Although Loras College in Dubuque held steady this fall with 1,239 students — five above last fall’s 1,234 enrollment — it remains 17 percent below its fall 2018 enrollment. The same is true for Simpson College in Indianola, which increased to 1,251 this fall over last year’s 1,163 but remains 13 percent below its 1,444 count in 2018.
Both Wartburg College in Waverly and Grand View University in Des Moines are down only slightly from five years ago.
And Grinnell College — esteemed as one of the top private liberal arts institutions nationally — remains among the few private campuses in Iowa that has reported an increase over the five-year span, from 1,733 in 2019 to 1,788 today.
Some of the drops have been blamed on a shift in perception of the value of higher education. A 2024 Gallup poll showing the percentage of Americans who have a “great deal” of confidence in higher ed dropping from 57 percent in 2015 to 36 percent in 2024. Meanwhile, the portion with “very little or no” confidence in higher ed leaped from 10 to 32 percent over that span. And while confidence has dropped across the political spectrum, the loss has been more pronounced for those identifying as Republicans.
“It's not news to anyone to say that our society is very polarized right now,” said Mount Mercy’s Olson. “There are some views on the left that are very off-putting and can be seen as very divisive for a lot of people in the country. There are some views on the right that I think are also very off-putting and can be pretty disparaging of higher education.”

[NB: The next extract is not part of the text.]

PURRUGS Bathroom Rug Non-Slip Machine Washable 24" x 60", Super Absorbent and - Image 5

Colleges and universities, therefore, are “caught at times here in what I would just call a snowball fight.”
“We get into our two opposing camps, and you're either in my camp or you're the opponent,” he said. “And I think one of the key roles that higher education needs to play is to demonstrate that we can reclaim the center politically, that we welcome folks with different viewpoints.”
‘Larger together’
Although all three of Iowa’s public universities this fall reported total enrollment increases — with both the University of Iowa and Iowa State University also welcoming bigger freshman classes — all three remain well below peak enrollment levels in 2016 and 2017. ISU, for example, reported 36,291 students in 2016 — about 19 percent above this fall’s count of 30,432. The UI in 2017 had 32,065, which is about 4 percent above this fall’s 30,779.

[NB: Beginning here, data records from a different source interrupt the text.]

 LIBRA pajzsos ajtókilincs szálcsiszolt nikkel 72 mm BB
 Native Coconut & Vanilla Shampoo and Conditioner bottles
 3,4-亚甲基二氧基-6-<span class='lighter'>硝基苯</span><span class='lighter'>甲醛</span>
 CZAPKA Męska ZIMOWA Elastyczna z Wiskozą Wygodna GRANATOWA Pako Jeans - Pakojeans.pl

The University of Northern Iowa until last fall had been on a downward trajectory since its peak of 14,070 in 2001 to a modern-day low of 8,949 in 2022 — representing a 36 percent drop. But its enrollment this fall increased for a second-straight year, from 9,021 in fall 2023 to 9,283 this fall, and administrators across public and private education report novel initiatives and collaborations to reverse the downward trend.

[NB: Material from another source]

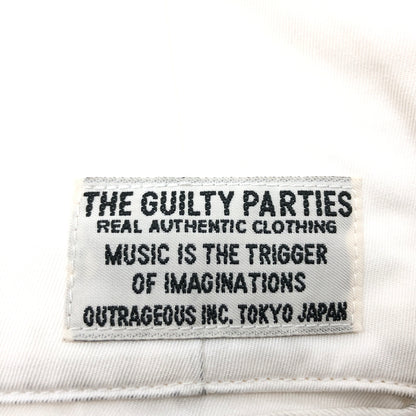 【中古品】【メンズ】 WACKO MARIA ワコマリア 26SS DOUBLE PLEATED CHINO TROUSERS 2タックチノトラウザーズ パンツ ボトムス 153-260924-hn-06-fur サイズ：M カラー：ホワイト 万代Net店
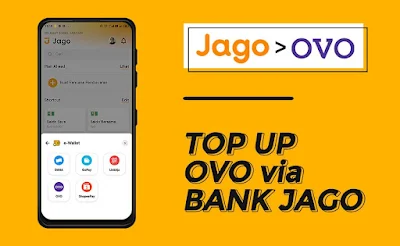 top up ovo dari bank jago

“I think it is absolutely essential that we think about collaboration,” Olson said, reporting efforts to raise each other up across the public, private and community college sectors through new degree pathways, industry partnerships, internships, virtual options and even mergers — like Mount Mercy’s recent announcement it’s combining with St. Ambrose University of Davenport.
Kirkwood Community College, also based in Cedar Rapids, welcomed about 100 more students this fall, bringing its total enrollment from 12,662 to 12,765 — but still 10 percent below the 14,182 tally in 2019.
“That will give us a number of advantages — certainly economies of scale,” Olson said. “And that will matter in higher education because it is, frankly, tougher in this environment for smaller colleges to really prosper. As we can become somewhat larger together, that will be helpful. But more importantly than that, it will open up some new doorways for students at both institutions.”
Vanessa Miller covers higher education for The Gazette.